-- EXERCISE --
Please repeat, from the entries that follow, the lines from the one containing "Hi and welcome" through the one containing "To submit your" exactly, adding nothing.

-- SUPPLIED DATA --
----

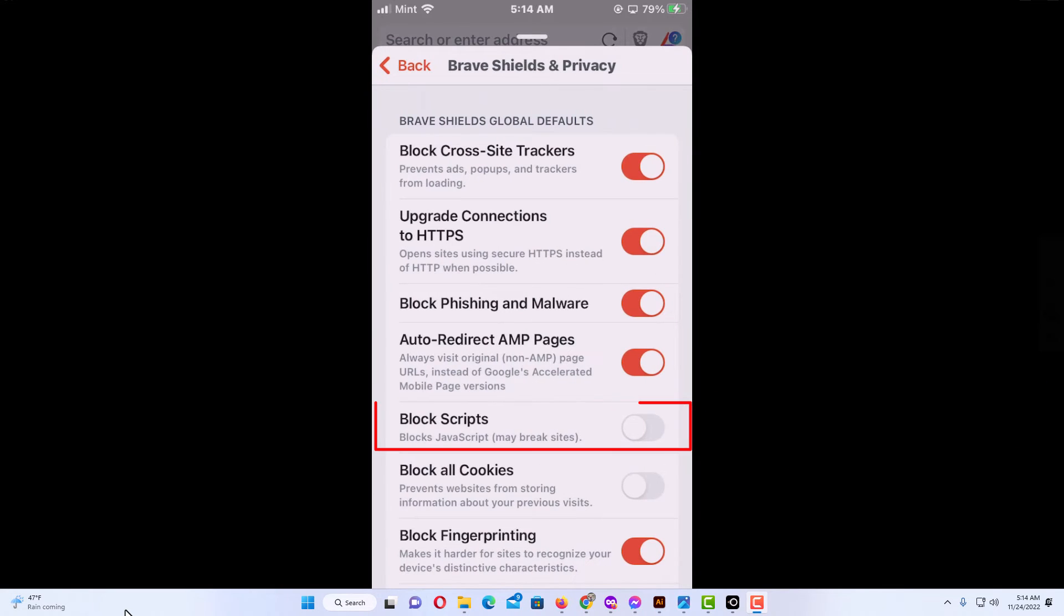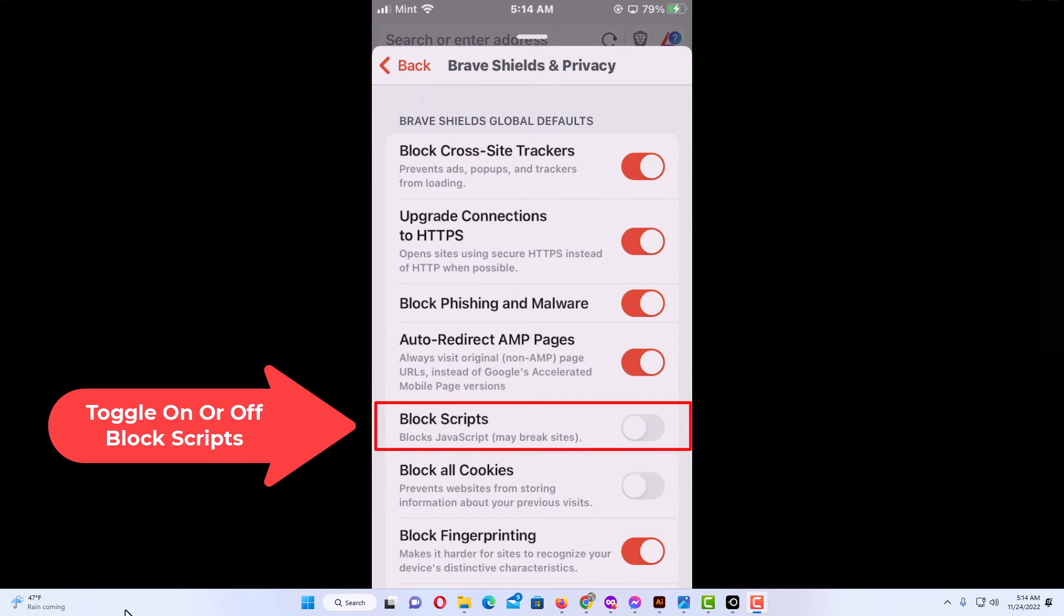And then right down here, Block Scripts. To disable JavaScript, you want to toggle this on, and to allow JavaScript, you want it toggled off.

----

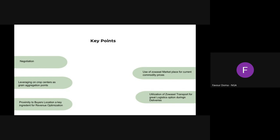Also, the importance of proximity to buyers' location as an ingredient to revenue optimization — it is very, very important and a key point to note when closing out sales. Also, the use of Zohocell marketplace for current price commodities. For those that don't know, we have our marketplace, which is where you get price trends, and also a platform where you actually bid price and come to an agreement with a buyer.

----

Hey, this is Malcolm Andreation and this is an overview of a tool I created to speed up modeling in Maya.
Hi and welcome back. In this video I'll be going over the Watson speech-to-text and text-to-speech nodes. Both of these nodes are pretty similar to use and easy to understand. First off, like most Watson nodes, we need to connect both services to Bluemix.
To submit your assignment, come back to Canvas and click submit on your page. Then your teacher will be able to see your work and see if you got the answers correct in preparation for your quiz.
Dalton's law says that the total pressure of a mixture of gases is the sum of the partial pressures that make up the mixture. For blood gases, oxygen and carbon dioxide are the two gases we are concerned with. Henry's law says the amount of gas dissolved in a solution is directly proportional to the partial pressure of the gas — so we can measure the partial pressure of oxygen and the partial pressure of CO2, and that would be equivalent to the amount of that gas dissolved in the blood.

----

-- ANSWER --
Hi and welcome back. In this video I'll be going over the Watson speech-to-text and text-to-speech nodes. Both of these nodes are pretty similar to use and easy to understand. First off, like most Watson nodes, we need to connect both services to Bluemix.
To submit your assignment, come back to Canvas and click submit on your page. Then your teacher will be able to see your work and see if you got the answers correct in preparation for your quiz.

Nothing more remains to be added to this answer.